▸ Directions for this task
Which lines run from the one containing "Neymar quỳ gối, ôm" through the end of the data? Write them out exactly, with the pictures left out.

▸ Input data
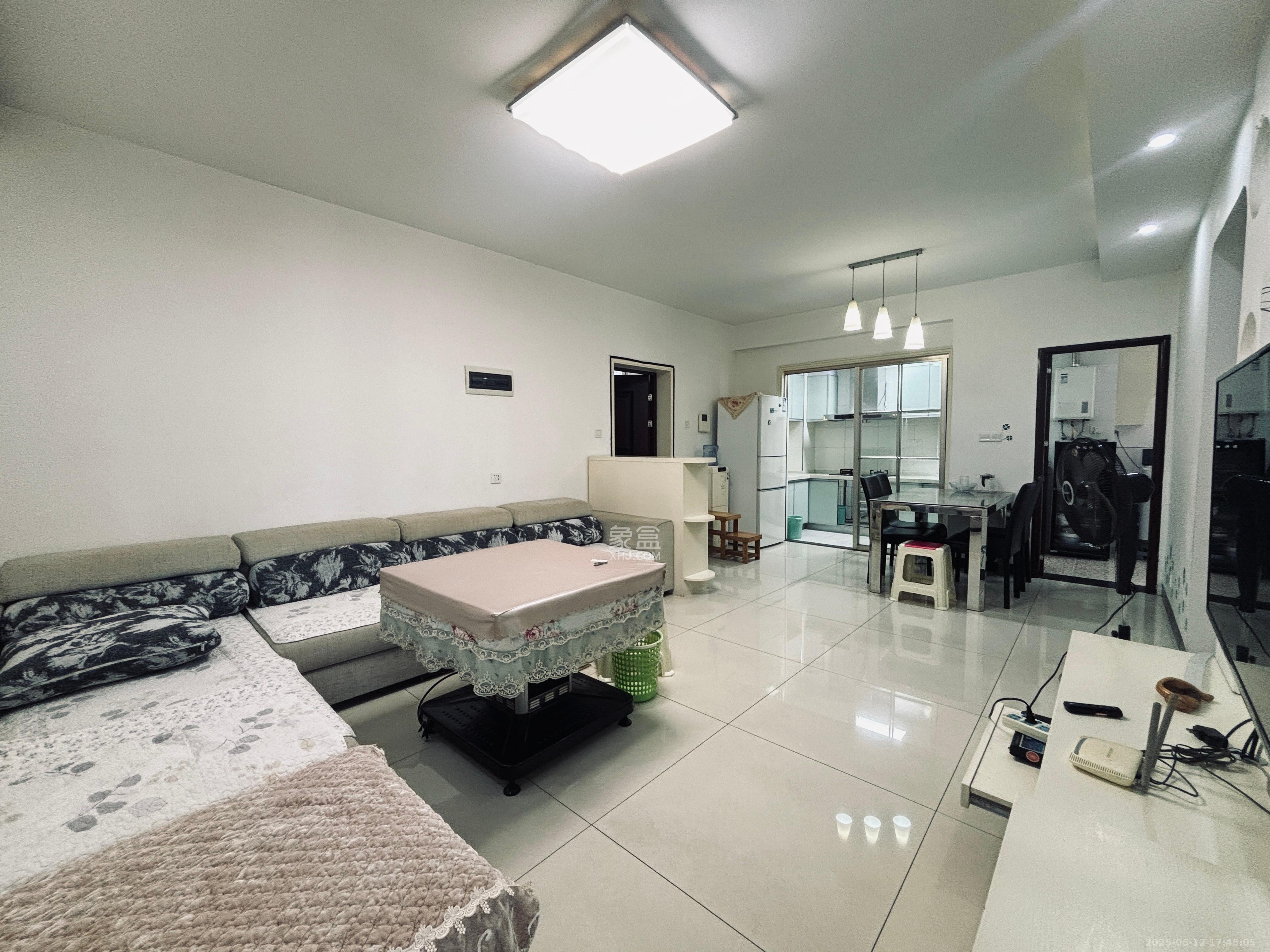 森林公园壹号(森林雅苑) 3室2厅1卫 2000.0元/月 森林公园壹号(森林雅苑) 3室2厅1卫 2000.0元/月室内图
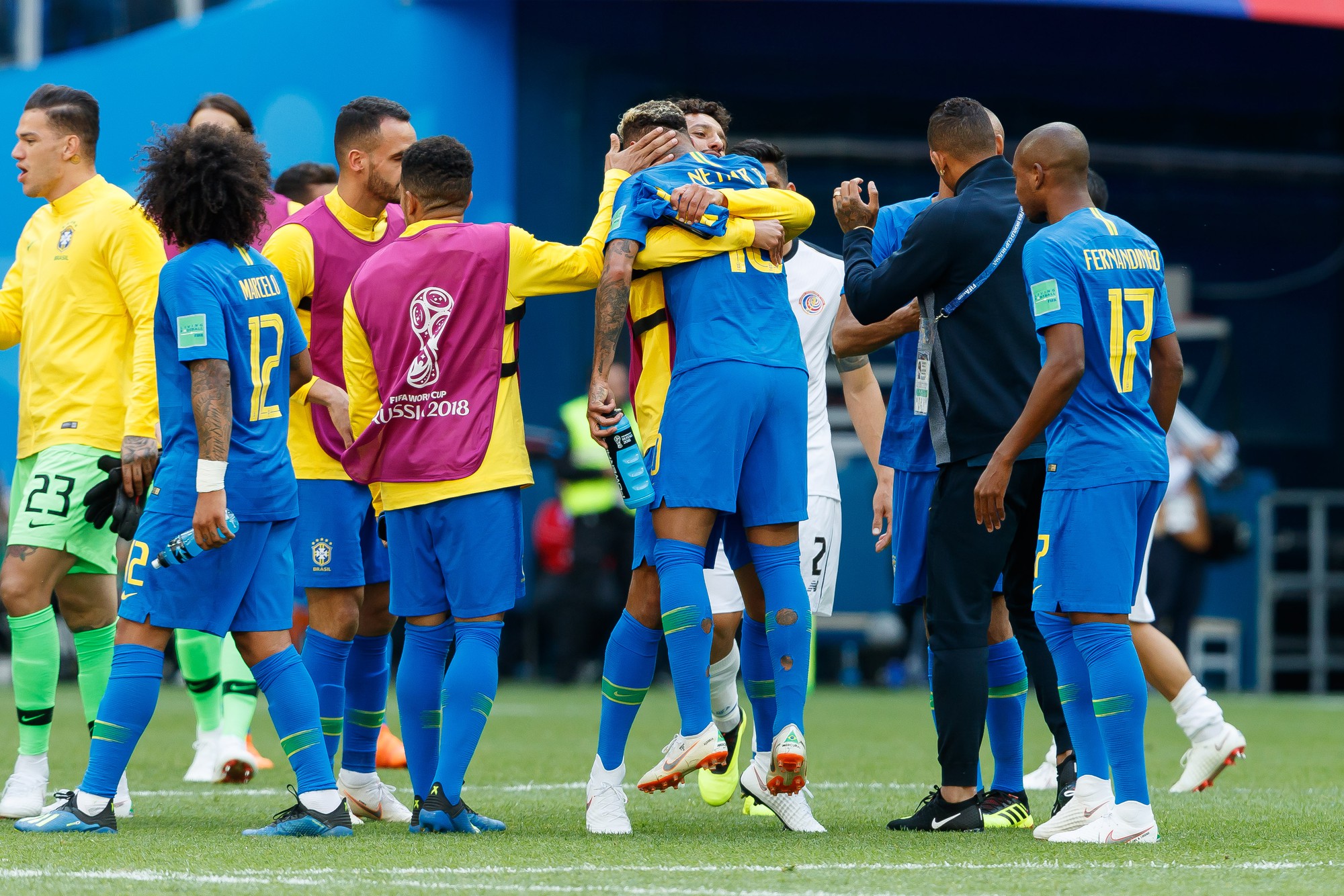 Neymar quỳ gối, ôm mặt khóc nức nở sau khi ghi bàn thắng phút 90+7 - Ảnh 3.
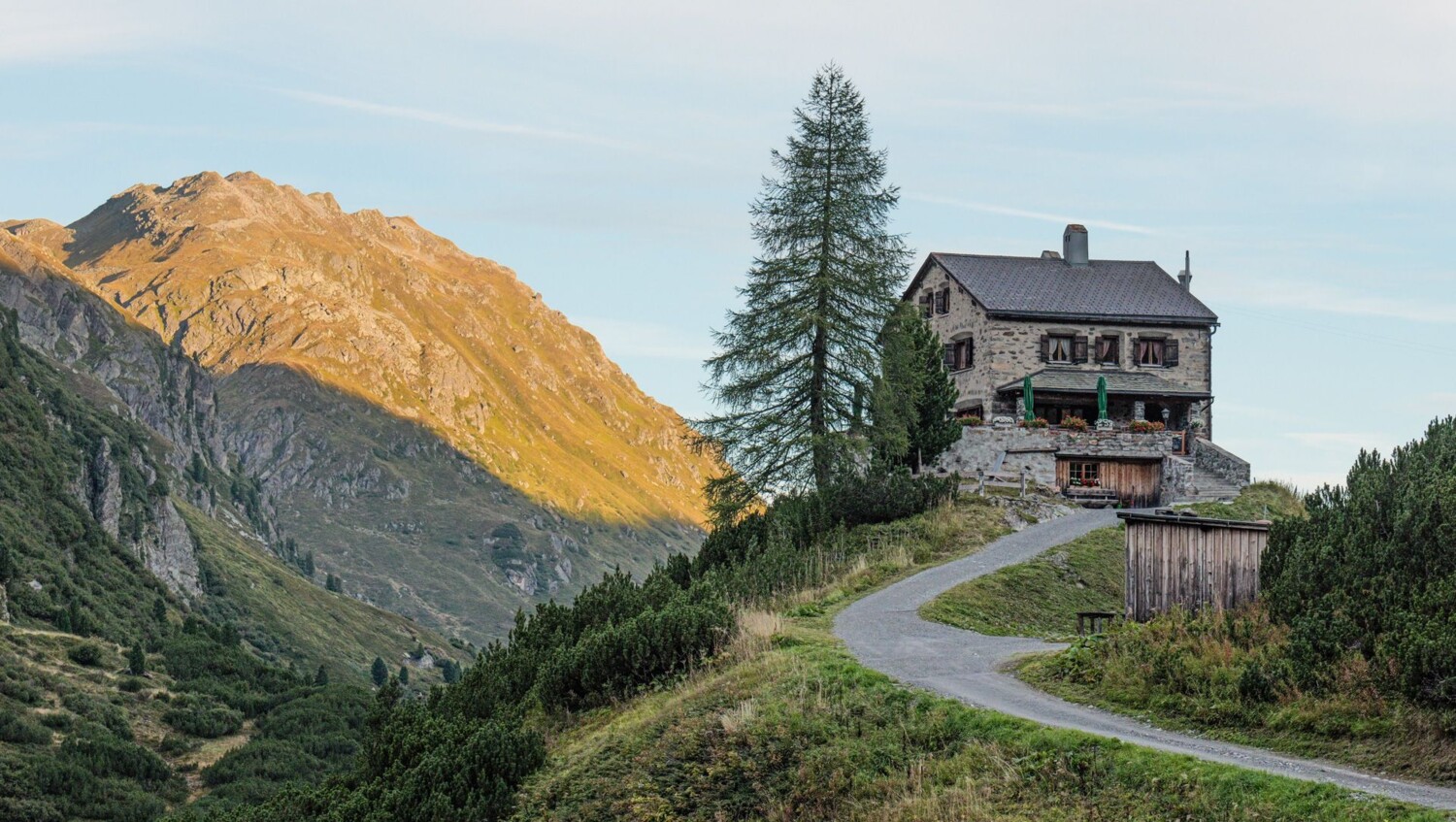 Erstes Etappenziel: das Berghaus Vereina.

▸ Solved exercise
 Neymar quỳ gối, ôm mặt khóc nức nở sau khi ghi bàn thắng phút 90+7 - Ảnh 3.
 Erstes Etappenziel: das Berghaus Vereina.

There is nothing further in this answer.